#### Game Setup

- Player 1 is 'X', indexed by 0. It is also status of board when Player 1 Wins.
- Player 2 is 'O', indexed by 1. It is also status of board when Player 2 Wins. 
- An unfilled spot is ".", indexed by 2. And 2 is also the status when game is incomplete.
- 3 indicates the game is a tie. 

In [1]:
import numpy as np
import pandas as pd
import random
from numba import jit
import warnings
warnings.filterwarnings('ignore')

def print_board(board, depth = 0):
    mapping = {0:'x',1:'o',2:'.'}
    x = list(map(lambda x: mapping[x] if x in mapping else x, board))
    print('\t'*depth,x[0],'|',x[1],'|',x[2])
    print('\t'*depth,'---------')
    print('\t'*depth,x[3],'|',x[4],'|',x[5])
    print('\t'*depth,'---------')
    print('\t'*depth,x[6],'|',x[7],'|',x[8])
    
@jit
def permissible_actions(x):
    return np.where(x == 2)[0]    

@jit
def random_action(board):
    return np.random.choice(permissible_actions(board))

@jit
def check_status(board):
    # Define all possible winning combinations
    winning_combinations = [
        [0, 1, 2], [3, 4, 5], [6, 7, 8],  # Rows
        [0, 3, 6], [1, 4, 7], [2, 5, 8],  # Columns
        [0, 4, 8], [2, 4, 6]             # Diagonals
    ]
    
    # Check each winning combination for a win
    for combo in winning_combinations:
        if board[combo[0]] == board[combo[1]] == board[combo[2]] and board[combo[0]] != 2:
            return board[combo[0]]
    
    # Check for a draw
    if 2 not in board:
        return 3
    
    return 2

    
@jit
def visualize_game(list_x):
    for x in list_x:
        print_board(x[-1])

def update_board(board,action_idx):
    player_idx, opponent_idx = who_to_move(board)
    board_new = board.copy()
    if player_idx == 0:
        board_new[action_idx] = 0
    else:
        board_new[action_idx] = 1
    return board_new


@jit
def who_to_move(board):
    if np.sum(np.where(board==0,1,0))>np.sum(np.where(board==1,1,0)):
        return 1,0
    else:
        return 0,1

@jit
def play_random_game(verbose = 0):
    board = np.array([2,2,2,2,2,2,2,2,2])
    game_history = []
    turn_count = 0
    status = 2
    while True:
        player_idx, opponent_idx = who_to_move(board)
        status = check_status(board)
        if status != 2:
            status_final = status
            break
        turn_count += 1
        action_idx = random_action(board)
        board_new = update_board(board,action_idx)
        game_history.append([board, status, turn_count, player_idx, opponent_idx, action_idx, board_new])
        board = board_new.copy()
    if verbose == 1:
        visualize_game(game_history)
    return game_history, status

@jit
def generate_random_board():
    game_history, status = play_random_game()
    boards = [events[-1] for events in game_history]
    return random.choice(boards)

#### Monte Carlo Tree Search 

- Used when minimax is impossible due to the depth or breath of the game tree. 
- Two main ideas: 
    - True value of an action given a state may be evaluated by random simulations from that state. 
    - We can move from a random policy to the optimal policy, by using these simulations to update policy. 
- From any board / position / state, we conduct the following steps: 
    - Selection: We use TREEPOLICY to descend through the tree, until we find a "expandable" node.

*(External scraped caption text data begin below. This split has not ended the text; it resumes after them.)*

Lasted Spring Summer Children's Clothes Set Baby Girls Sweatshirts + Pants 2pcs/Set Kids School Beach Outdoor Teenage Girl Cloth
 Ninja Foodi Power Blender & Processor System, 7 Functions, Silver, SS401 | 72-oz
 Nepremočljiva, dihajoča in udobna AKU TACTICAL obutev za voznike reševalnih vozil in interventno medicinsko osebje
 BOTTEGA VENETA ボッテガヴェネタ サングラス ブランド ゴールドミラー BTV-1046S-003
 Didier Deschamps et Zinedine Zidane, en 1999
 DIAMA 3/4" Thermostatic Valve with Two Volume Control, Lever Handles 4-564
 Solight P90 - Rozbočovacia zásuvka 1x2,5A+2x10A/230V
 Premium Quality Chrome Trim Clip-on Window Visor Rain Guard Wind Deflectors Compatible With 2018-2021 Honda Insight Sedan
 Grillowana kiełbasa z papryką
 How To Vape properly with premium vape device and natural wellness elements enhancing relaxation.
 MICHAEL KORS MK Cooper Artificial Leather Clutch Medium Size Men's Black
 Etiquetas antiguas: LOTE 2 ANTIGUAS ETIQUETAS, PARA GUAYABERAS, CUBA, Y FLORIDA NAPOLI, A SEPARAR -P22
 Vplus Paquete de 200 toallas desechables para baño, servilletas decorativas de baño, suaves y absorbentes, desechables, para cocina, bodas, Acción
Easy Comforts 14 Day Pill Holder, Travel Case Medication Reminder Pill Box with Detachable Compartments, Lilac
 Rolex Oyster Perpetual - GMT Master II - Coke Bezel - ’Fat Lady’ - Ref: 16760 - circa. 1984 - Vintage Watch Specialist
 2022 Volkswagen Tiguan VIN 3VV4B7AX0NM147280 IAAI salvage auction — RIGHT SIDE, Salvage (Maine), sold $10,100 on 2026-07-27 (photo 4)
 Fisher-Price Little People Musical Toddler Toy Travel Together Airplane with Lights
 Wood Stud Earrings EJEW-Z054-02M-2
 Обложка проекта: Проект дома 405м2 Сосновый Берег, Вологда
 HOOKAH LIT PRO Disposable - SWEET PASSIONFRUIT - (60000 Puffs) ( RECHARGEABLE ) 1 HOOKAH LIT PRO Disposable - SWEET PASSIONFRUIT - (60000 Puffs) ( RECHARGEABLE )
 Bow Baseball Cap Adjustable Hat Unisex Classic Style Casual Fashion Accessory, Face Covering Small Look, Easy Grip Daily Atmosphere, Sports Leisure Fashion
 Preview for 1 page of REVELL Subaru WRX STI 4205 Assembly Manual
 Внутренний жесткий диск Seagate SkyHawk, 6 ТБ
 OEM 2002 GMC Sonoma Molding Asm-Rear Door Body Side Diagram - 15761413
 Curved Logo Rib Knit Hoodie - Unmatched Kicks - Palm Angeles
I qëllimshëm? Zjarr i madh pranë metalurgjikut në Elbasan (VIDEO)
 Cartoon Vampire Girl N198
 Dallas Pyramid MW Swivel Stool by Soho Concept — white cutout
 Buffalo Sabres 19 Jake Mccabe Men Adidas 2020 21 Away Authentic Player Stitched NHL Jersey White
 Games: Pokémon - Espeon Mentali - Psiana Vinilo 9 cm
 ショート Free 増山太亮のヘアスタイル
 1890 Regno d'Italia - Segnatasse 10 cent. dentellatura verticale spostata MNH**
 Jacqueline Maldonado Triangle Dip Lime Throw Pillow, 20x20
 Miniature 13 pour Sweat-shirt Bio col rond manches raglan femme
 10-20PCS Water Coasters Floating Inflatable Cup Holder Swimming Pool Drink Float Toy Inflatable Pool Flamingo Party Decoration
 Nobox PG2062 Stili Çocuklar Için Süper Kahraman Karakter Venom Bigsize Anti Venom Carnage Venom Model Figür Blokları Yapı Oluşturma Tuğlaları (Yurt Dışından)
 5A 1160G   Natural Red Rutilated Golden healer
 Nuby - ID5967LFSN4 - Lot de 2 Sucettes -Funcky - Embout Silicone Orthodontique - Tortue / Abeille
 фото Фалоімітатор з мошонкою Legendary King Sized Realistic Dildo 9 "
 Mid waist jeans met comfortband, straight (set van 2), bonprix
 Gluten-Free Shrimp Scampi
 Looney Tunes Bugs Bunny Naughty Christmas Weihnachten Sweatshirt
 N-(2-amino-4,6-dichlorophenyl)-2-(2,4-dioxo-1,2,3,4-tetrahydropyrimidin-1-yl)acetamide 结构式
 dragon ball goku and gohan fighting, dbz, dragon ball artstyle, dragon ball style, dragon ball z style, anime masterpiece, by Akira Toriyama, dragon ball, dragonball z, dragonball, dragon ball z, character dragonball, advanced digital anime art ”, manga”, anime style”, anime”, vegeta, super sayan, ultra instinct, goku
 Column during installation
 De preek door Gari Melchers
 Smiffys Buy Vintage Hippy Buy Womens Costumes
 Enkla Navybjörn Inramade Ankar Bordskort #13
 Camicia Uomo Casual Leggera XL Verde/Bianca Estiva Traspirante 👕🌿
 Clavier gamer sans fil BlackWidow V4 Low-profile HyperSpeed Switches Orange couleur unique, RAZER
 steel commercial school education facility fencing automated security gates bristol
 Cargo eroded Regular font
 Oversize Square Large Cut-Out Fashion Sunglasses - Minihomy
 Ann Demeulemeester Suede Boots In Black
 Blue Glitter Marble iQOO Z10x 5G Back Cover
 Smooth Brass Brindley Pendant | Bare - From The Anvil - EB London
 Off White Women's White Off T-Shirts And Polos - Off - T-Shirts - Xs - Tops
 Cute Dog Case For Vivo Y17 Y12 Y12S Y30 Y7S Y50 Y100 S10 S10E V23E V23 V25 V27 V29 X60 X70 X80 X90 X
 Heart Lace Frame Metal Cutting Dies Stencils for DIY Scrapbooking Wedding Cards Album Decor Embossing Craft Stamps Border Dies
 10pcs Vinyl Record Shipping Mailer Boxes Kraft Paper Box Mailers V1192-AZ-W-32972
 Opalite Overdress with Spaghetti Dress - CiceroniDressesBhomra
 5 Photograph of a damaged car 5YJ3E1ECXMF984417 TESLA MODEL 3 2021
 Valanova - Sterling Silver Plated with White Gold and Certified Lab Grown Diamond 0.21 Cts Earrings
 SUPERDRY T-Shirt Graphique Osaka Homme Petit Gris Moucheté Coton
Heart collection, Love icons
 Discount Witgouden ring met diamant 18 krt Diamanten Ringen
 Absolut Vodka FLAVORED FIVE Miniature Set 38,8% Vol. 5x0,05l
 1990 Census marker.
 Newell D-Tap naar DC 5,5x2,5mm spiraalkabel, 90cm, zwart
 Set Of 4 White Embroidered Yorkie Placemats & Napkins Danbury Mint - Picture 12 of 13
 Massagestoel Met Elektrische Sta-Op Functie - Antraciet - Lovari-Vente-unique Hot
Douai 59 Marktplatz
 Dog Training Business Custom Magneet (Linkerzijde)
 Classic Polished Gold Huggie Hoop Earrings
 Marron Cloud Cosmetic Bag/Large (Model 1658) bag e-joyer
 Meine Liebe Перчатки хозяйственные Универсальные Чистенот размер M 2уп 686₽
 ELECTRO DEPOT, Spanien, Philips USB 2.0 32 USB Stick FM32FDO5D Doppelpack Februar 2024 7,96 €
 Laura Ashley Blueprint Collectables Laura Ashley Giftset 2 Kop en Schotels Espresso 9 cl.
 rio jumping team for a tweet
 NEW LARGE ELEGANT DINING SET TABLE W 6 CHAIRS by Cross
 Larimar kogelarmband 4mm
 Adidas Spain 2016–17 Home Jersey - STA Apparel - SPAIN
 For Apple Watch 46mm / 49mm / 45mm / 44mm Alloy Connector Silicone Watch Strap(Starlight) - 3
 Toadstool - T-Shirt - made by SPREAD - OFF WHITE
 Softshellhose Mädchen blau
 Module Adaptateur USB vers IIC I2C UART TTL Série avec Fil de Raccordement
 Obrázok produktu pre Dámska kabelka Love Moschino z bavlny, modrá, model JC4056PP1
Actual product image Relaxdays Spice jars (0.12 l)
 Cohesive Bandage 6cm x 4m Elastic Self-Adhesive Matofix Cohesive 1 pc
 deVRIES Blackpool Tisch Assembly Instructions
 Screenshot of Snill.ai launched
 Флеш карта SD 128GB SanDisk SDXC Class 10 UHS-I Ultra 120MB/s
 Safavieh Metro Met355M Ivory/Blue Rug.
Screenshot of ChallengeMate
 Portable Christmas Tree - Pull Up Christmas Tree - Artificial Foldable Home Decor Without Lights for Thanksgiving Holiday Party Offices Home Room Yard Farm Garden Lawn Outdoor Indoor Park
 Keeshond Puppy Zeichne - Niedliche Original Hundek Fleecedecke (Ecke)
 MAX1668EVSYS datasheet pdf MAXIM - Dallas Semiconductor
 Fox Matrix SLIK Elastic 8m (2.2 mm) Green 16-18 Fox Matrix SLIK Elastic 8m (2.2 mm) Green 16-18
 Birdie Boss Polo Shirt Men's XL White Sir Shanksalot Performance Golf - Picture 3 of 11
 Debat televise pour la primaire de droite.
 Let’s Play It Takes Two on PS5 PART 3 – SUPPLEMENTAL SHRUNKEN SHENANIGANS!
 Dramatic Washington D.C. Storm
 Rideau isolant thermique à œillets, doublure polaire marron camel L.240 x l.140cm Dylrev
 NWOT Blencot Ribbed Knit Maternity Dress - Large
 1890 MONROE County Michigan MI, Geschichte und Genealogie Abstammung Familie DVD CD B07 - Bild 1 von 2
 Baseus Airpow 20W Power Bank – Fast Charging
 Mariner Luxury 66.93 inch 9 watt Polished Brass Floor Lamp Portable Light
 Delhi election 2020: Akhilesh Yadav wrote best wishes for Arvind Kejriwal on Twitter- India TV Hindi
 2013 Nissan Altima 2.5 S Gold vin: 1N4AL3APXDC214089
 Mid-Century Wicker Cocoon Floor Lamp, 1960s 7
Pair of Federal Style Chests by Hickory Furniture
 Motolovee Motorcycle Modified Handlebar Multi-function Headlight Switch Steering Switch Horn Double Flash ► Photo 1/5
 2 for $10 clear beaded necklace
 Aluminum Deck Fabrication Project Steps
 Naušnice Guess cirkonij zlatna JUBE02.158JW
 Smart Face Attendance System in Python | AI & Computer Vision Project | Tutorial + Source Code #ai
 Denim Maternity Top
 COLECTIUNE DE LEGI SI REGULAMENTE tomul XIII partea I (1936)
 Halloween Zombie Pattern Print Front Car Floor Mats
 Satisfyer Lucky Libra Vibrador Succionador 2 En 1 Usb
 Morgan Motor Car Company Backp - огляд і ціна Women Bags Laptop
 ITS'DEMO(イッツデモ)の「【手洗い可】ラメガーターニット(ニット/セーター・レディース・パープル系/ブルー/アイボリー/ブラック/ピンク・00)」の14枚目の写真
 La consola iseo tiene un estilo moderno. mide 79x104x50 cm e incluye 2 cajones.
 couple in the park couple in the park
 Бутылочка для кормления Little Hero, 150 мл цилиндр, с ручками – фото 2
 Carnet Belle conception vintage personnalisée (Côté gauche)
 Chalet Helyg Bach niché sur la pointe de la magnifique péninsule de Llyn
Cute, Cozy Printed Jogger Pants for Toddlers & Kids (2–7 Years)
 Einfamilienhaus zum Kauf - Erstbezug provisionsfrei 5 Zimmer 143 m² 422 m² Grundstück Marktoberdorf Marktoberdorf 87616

This node is non-terminal, and has unvisited children. We select this node for simulation. 
    - Expansion: From selected node, we add few children to tree. 
    - Simulation: From these new children, we simulate the game until termination using SIMULATEPOLICY. We compute the final result (win/draw/loss).
    - Backpropagation: using the final result we travel back through the tree and update the scores of each node on the path from the root to this child.
- These 4 steps are repeated until our computational budget is exhausted. 
- Two types of policies: 
    - TREEPOLICY: Used for selection and expansion. e.g. Greedy, based on the relative scores. 
    - SIMULATEPOLICY: Used for simulation from the new nodes added. e.g. Uniformly random. 
- Three key nodes: 
    - Root Node: the board position we are evaluating. 
    - Selected Node: the node from which we will add children to the tree
    -